Cristina Albuquerque, do Fundo das Nações Unidas para a Infância (UNICEF) no Brasil, alerta a obesidade infantil. “Fizemos uma pesquisa com indígenas Yanomami e 80 por cento das crianças estão com baixa estatura para idade e níveis de anemia alarmantes. Nesse ritmo, em 2025 teremos mais de 11 milhões de crianças obesas no Brasil e consequentemente, aumento nos casos de diabetes e hipertensão”. A especialista continua dizendo que “estão deixando de tirar da roça jerimum, inhame e macaxeira, para comprar comida que não é de verdade no mercado. Todo alimento que sai da terra é saudável e não o processado. Precisamos de políticas públicas mais fortes que promovam a agricultura familiar, principalmente no Semiárido e na Amazônia Legal”.  

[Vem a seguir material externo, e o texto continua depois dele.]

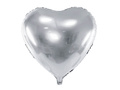 Balon din folie cu inimă argintie - 61 cm - 1 buc.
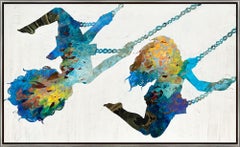 "Swinging in Color" Contemporary Silhouette Framed Mixed Media on Canvas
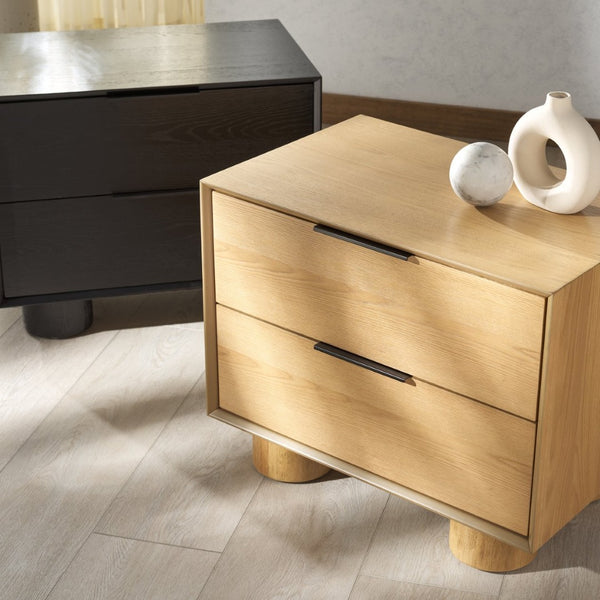 Safavieh ADDYSON Wood 2-Drawer Nightstand - Elegant Storage Solution with Modern Design for Your Bedroom Black SFV2170B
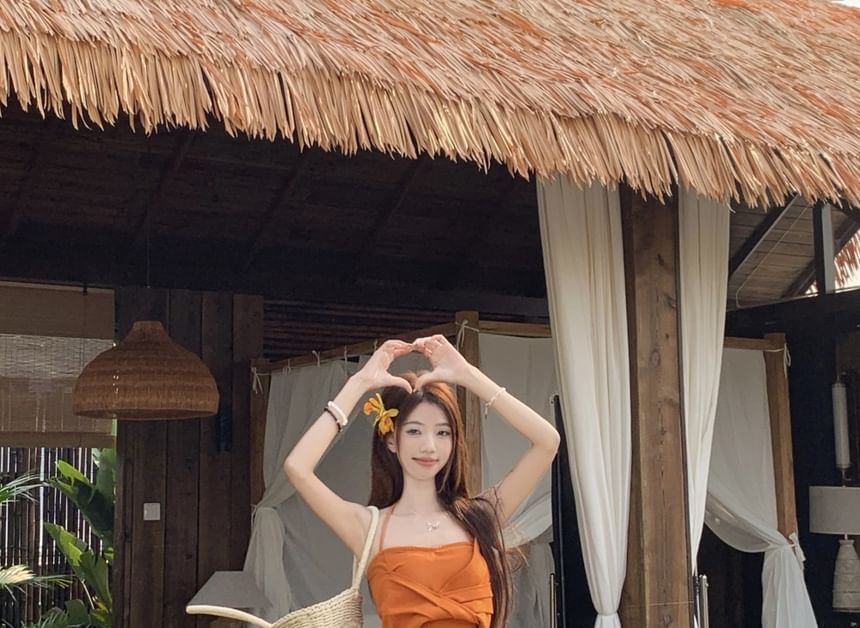 / Fit Crop Tie Slim Top Knot Rise A-Line Skirt Halter Mid Plain Cami Wrap Maxi Dye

Também participaram do encontro agricultores familiares do interior de Minas Gerais e organizações da sociedade civil. Os trabalhadores rurais criticaram a falta de iniciativas do governo federal para o Semiárido e a paralisação de assentamentos para a reforma agrária.

Números da pobreza

Segundo dados do IBGE (2018), o Brasil saltou de 52,9 milhões de pessoas abaixo da linha da pobreza do Banco Mundial em 2016, para 54,9 milhões, em 2017. Esse cenário é diferente regionalmente e o Nordeste concentra a maioria desse contingente, com 44,8% ou 25,6 milhões de pessoas. Nessa região, a renda média também é menor em comparação com outras áreas do país.

O Semiárido

A região semiárida brasileira é a maior do mundo e tem uma área de 982.566 Km2, que corresponde a 18,2% do território nacional, 53% da região Nordeste e abrange 1.262 municípios e 10 estados. A população é de aproximadamente 31 milhões de habitantes, a maior concentração de população rural do país. A área inclui os estados do Ceará, Rio Grande do Norte, a maior parte da Paraíba e Pernambuco, sudeste do Piauí, oeste de Alagoas e Sergipe, região central da Bahia e uma faixa que se estende em Minas Gerais, seguindo o Rio São Francisco, juntamente com uma parte da região média do rio Jequitinhonha.